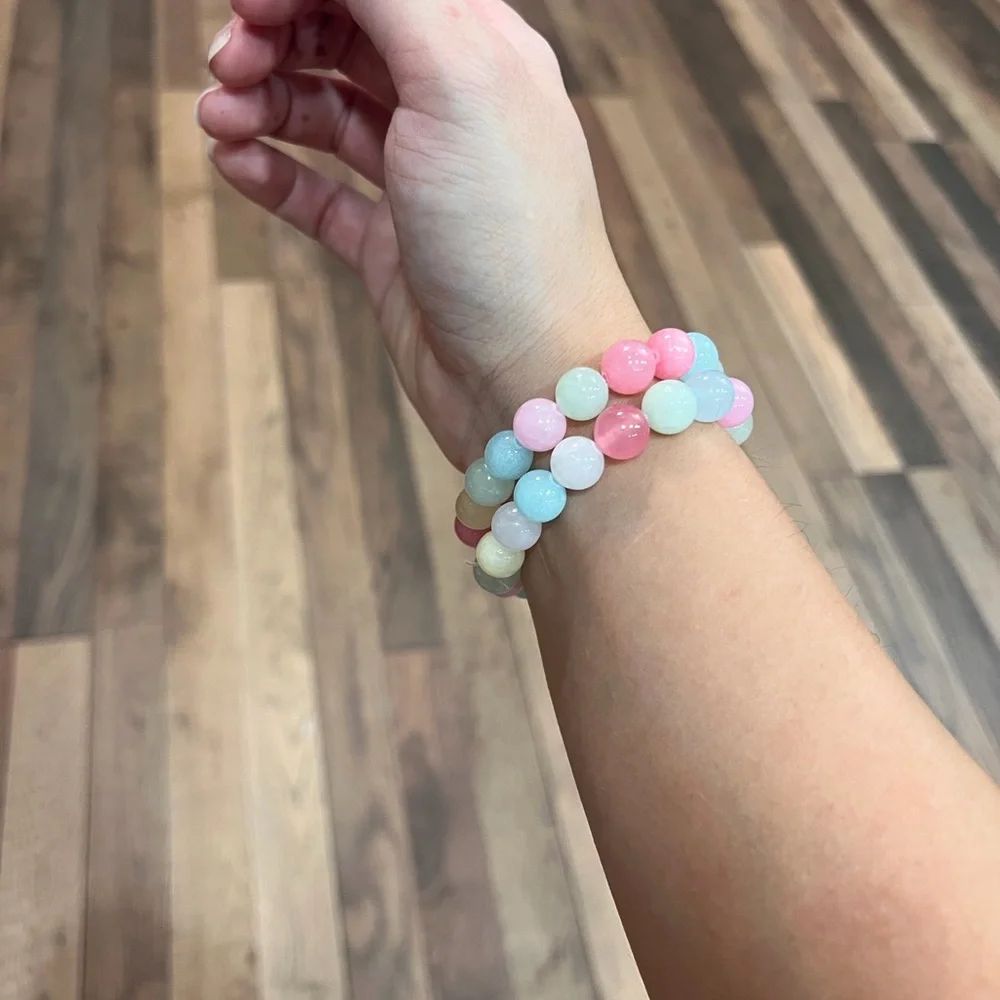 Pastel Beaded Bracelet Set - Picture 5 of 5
* * *
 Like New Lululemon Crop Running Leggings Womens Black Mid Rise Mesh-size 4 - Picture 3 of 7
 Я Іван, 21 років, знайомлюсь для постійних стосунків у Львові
* * *
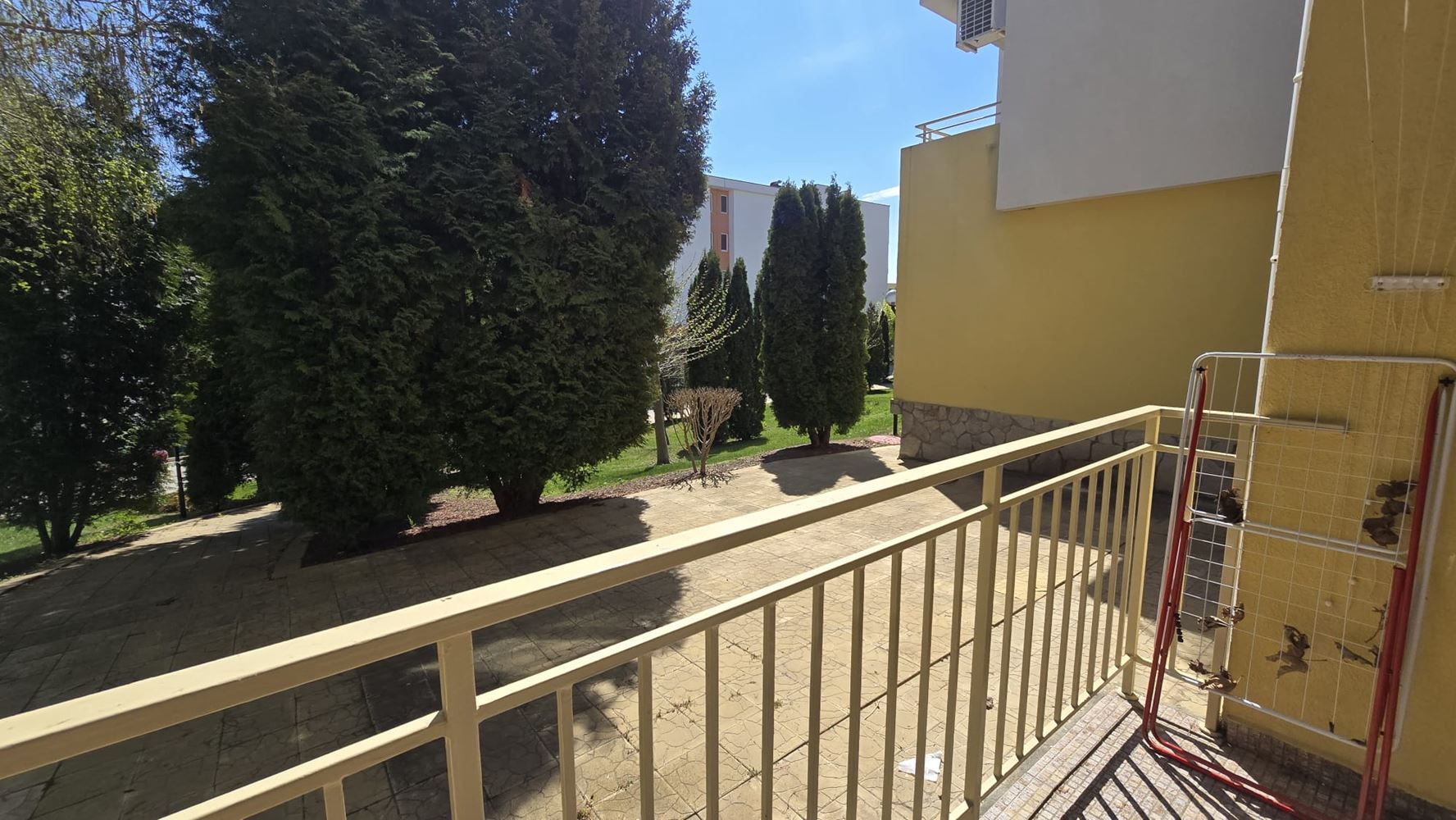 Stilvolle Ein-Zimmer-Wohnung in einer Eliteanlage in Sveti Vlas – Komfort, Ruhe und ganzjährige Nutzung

> **What the task asks**: Both end lines included, restate word for word the lines above from the line with "Like New Lululemon" to the line with "Я Іван, 21 років, знайомлюсь", and nothing else.

> **Completed task**:
 Like New Lululemon Crop Running Leggings Womens Black Mid Rise Mesh-size 4 - Picture 3 of 7
 Я Іван, 21 років, знайомлюсь для постійних стосунків у Львові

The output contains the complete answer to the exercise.